> [TASK STATEMENT]: With the pictures left out, copy the listing below exactly.

> [RECORDED INFORMATION]:
● ● ● ●

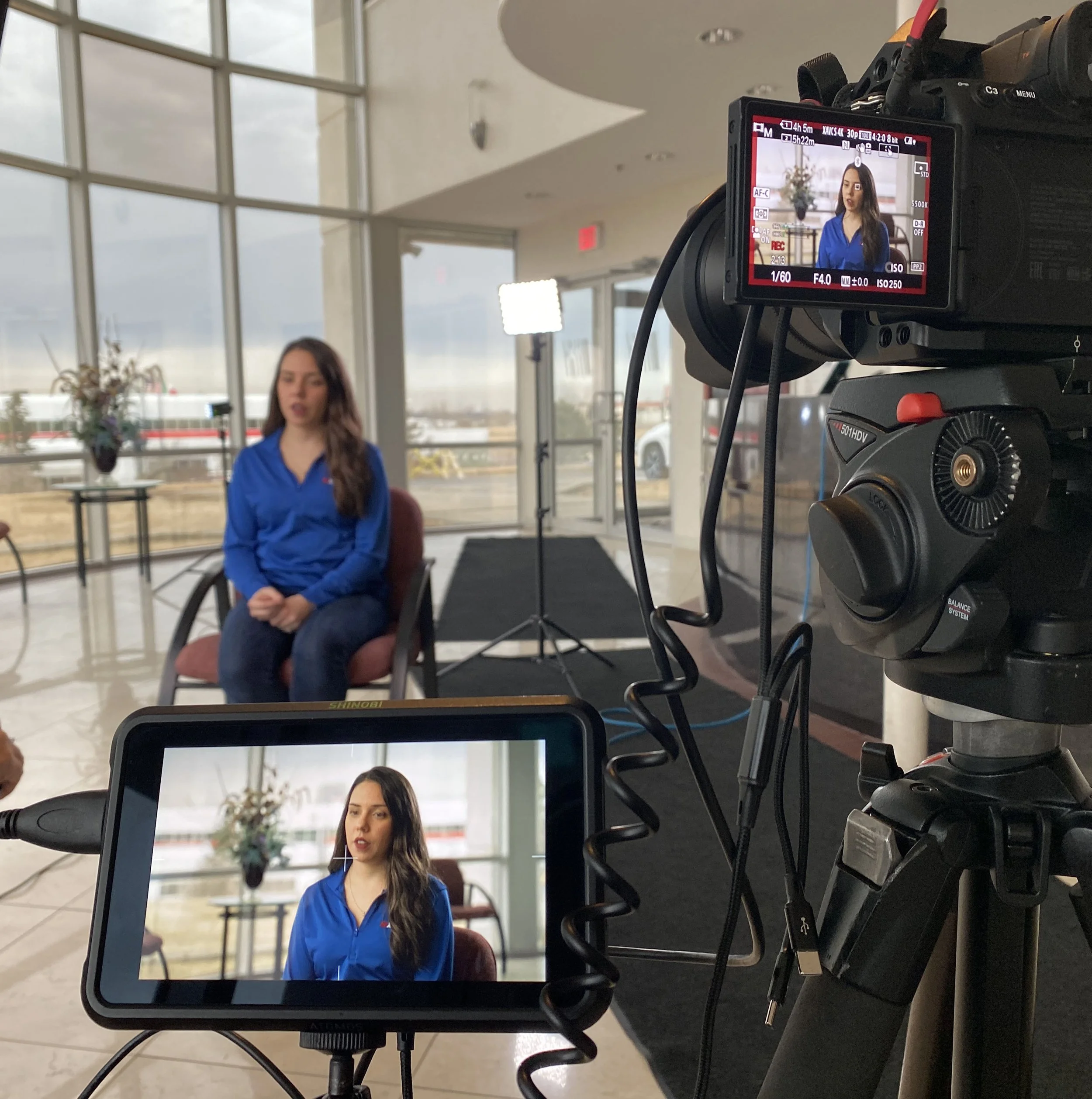 A woman with long brown hair wearing a blue blouse is sitting in front of a camera in an indoor setting, with large windows in the background showing the sky and some buildings.
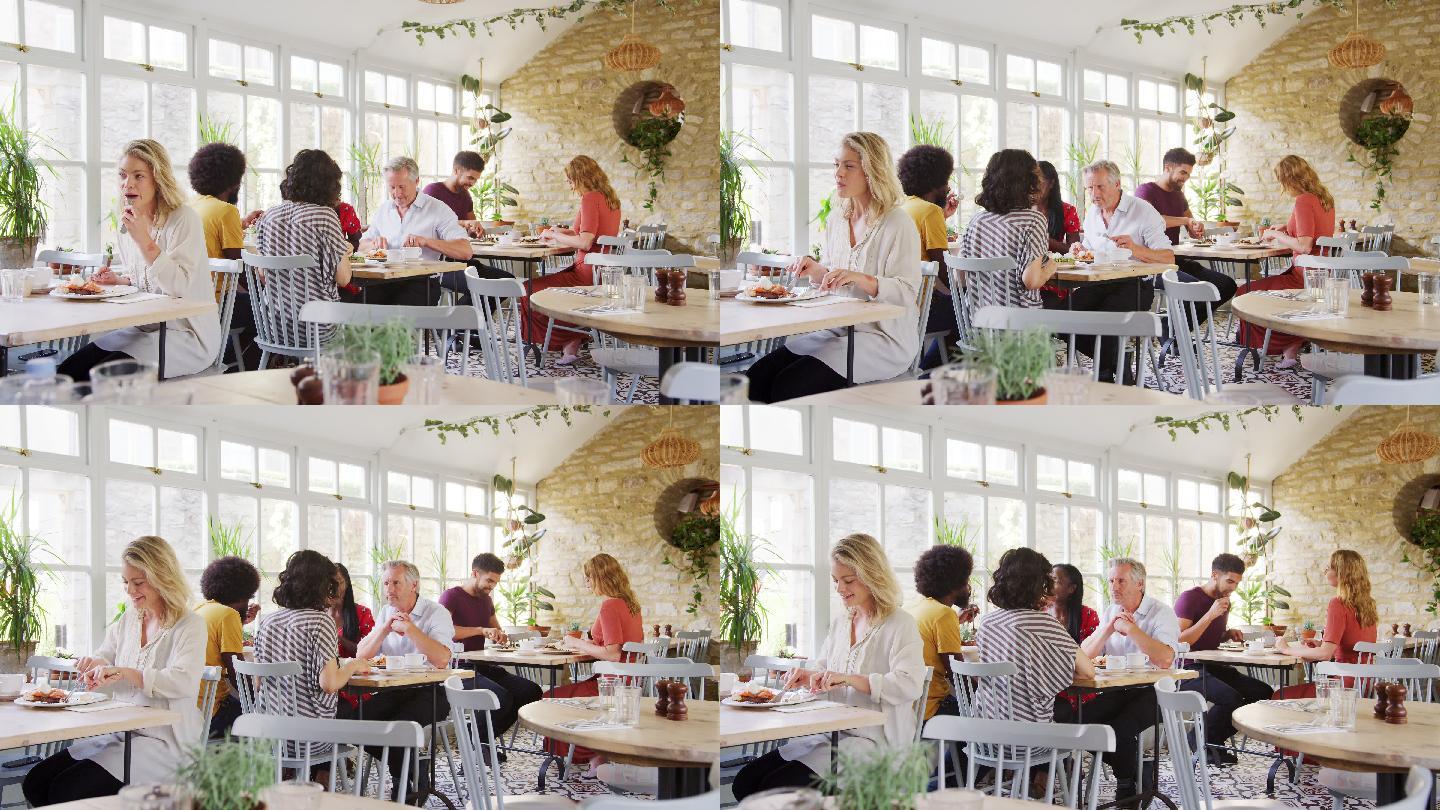 在餐厅里，顾客们坐在桌子旁吃饭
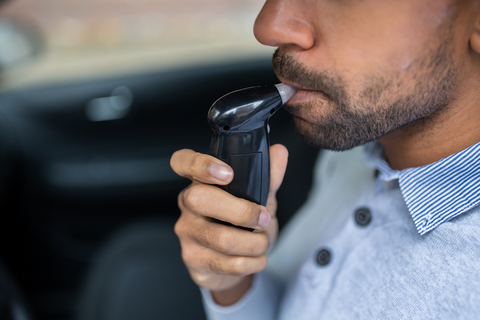 A man blowing into a DUI breathalyzer device.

● ● ● ●

> [WORKED SOLUTION]:
 A woman with long brown hair wearing a blue blouse is sitting in front of a camera in an indoor setting, with large windows in the background showing the sky and some buildings.
 在餐厅里，顾客们坐在桌子旁吃饭
 A man blowing into a DUI breathalyzer device.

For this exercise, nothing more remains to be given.